## Assigned task:
Which lines run from the one with "Cobuy Portable 8L" through the end of the data? Retype them exactly, without pictures.

## Provided data:
====================
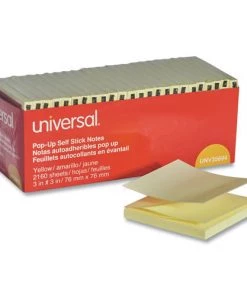 Universal UNV35694 3 In. X 3 In. 90-Sheet, Fan-Folded Self-Stick Pop-Up Note Pads - Yellow (24/Pack)
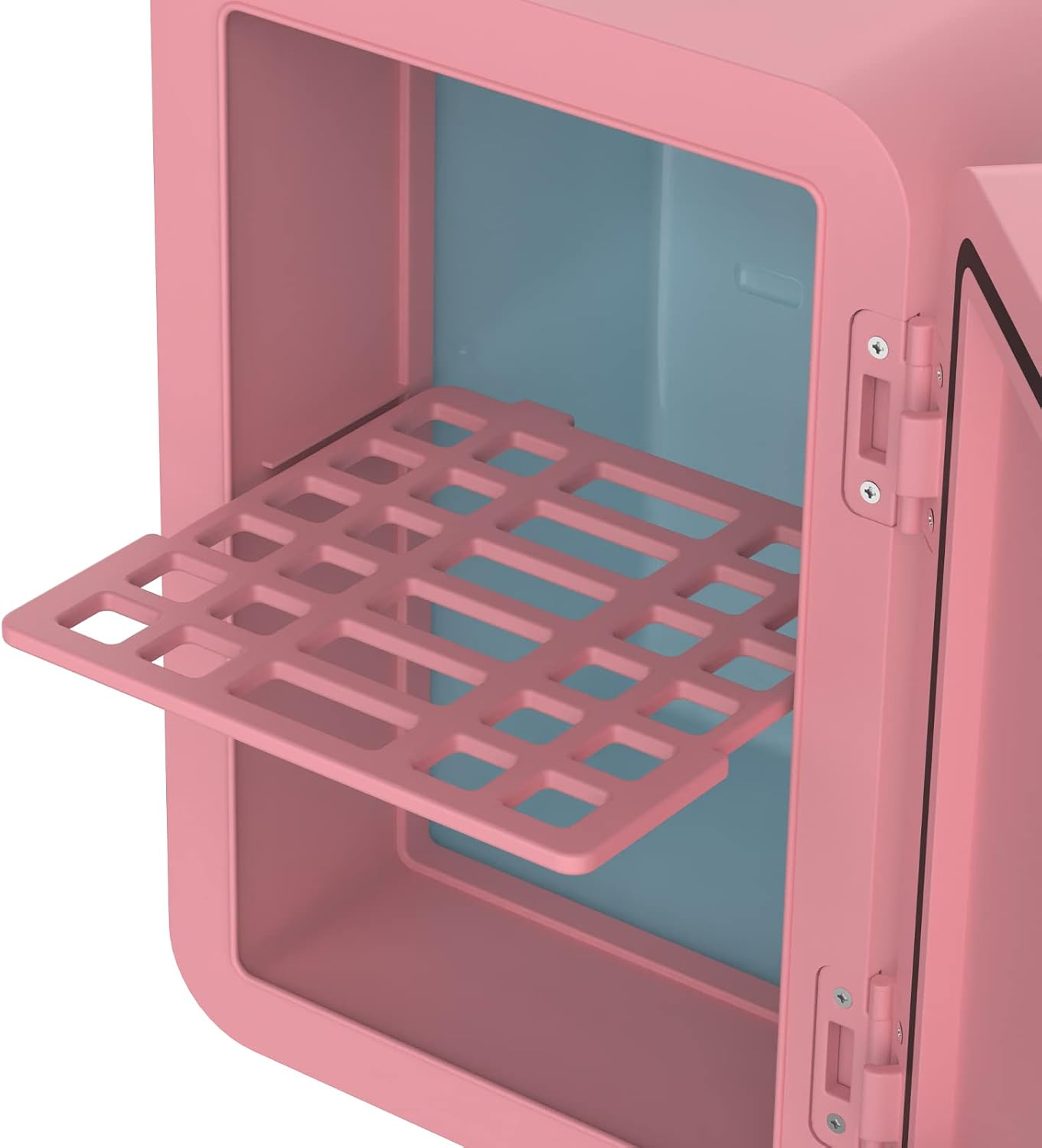 Cobuy Portable 8L Mini Makeup Fridge with LED Makeup Mirror Cosmetics Refrigerator Cooler, Pink image number 1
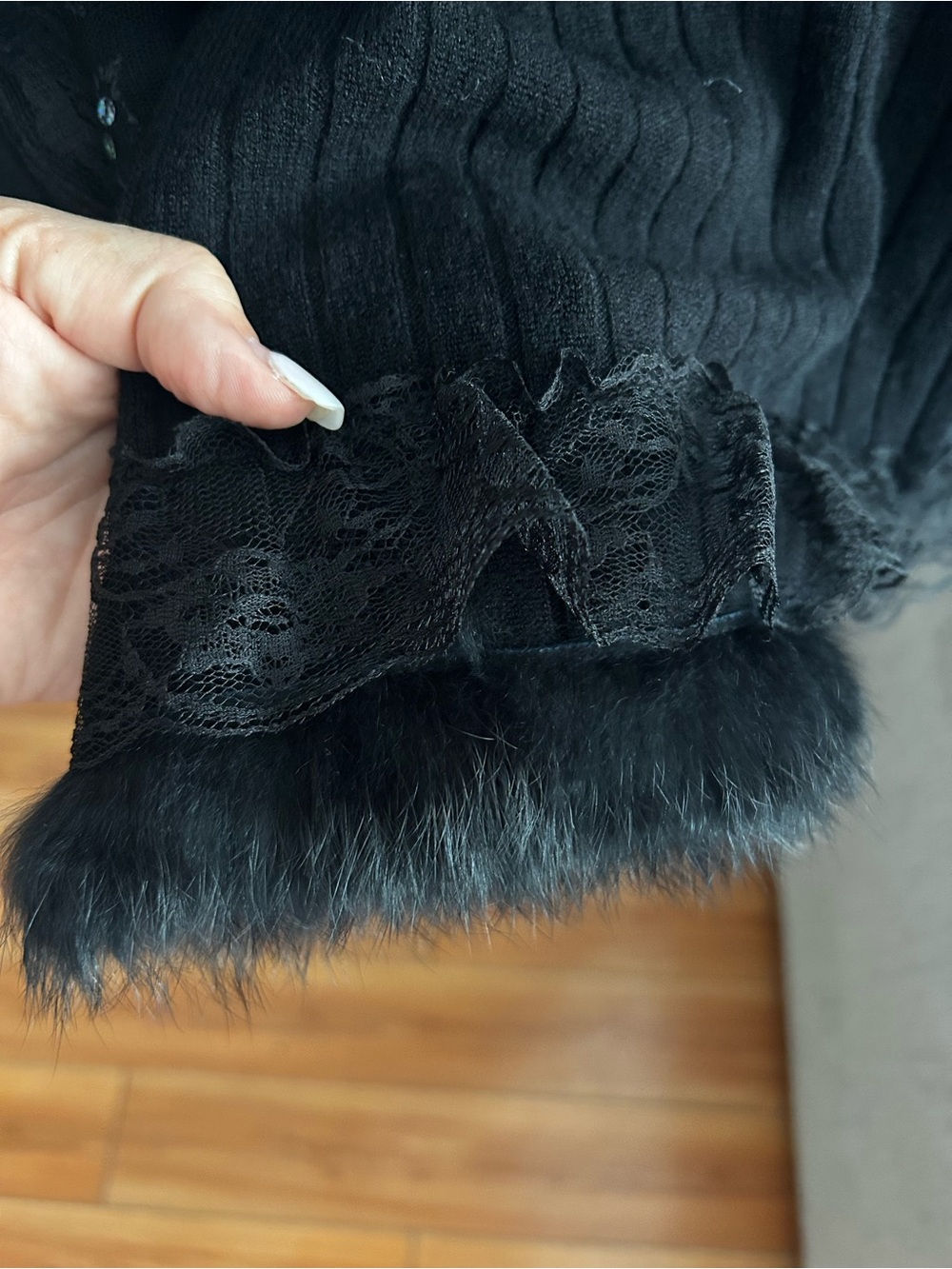 Vtg Knits Lace Sequins Fur Cardigan Sweater XL Linen Blend Whimsigoth Witchy - Picture 8 of 16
====================
## Task response:
 Cobuy Portable 8L Mini Makeup Fridge with LED Makeup Mirror Cosmetics Refrigerator Cooler, Pink image number 1
 Vtg Knits Lace Sequins Fur Cardigan Sweater XL Linen Blend Whimsigoth Witchy - Picture 8 of 16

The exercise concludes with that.